To Belong or Not to Belong

 

In my early years on the spiritual path, I was intimately connected to a large, spread-out spiritual organization. For short periods now and again, I lived as part of that community; at other times, I lived apart, in one city or another, but spent time with my spiritual comrades and regularly took part in group practice.

For a few of those years, I was even employed by that organization. That period of time (the late ’60s to mid-’70s) was transformative, inspiring, and for the most part joyful. I’ve been grateful ever since for the gift of community; it was a powerful launching pad for subsequent decades of spiritual development.

But the time came when I realized that I had to pull away.
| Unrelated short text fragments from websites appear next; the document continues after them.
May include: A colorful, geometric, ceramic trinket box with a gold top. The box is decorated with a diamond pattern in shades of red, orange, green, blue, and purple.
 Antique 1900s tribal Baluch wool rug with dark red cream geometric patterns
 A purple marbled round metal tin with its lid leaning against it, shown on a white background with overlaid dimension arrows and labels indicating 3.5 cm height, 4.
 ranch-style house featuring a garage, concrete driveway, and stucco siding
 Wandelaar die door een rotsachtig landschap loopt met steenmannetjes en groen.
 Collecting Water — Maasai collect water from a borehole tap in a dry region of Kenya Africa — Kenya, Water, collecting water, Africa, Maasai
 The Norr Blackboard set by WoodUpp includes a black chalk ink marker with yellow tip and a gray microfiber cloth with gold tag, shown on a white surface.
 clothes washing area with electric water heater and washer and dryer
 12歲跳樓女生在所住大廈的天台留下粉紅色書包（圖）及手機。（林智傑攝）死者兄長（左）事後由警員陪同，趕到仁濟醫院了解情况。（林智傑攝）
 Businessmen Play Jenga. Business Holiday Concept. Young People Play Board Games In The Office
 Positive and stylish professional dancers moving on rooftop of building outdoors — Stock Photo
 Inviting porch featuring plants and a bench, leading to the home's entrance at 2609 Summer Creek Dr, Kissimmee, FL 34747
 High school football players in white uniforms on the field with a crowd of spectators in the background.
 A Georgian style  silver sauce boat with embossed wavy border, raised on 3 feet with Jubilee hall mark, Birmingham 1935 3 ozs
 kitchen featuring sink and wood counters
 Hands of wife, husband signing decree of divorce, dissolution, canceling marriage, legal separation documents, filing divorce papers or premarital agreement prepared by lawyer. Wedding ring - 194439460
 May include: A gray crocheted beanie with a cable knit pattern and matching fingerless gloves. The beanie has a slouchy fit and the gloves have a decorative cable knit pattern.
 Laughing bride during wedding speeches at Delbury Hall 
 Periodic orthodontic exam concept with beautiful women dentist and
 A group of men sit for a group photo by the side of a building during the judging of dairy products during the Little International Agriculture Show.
The organization I belonged to was by no means an oppressive cult like some other groups that attracted followers back then, but, as with all organizations both secular and spiritual, there was a palpable sense of peer pressure, especially among the inner circle of devotees and those who represented the group in public.

Holding Tight to Spiritual Treasures

Doubt and dissent were tolerated to a certain degree but not always welcome, and speaking up carried the risk of ostracism. In time, the community in which I’d thrived came to seem rigid, conformist, and exclusionary. Of course, it might always have been that way, and I hadn’t been able to see it, or perhaps my subconscious had calculated that the blessings outweighed the discomfort. In any case, I started to feel insulated and constrained, so I held tight to the spiritual treasures I’d acquired, discarded what no longer served me, and set out to expand my horizons.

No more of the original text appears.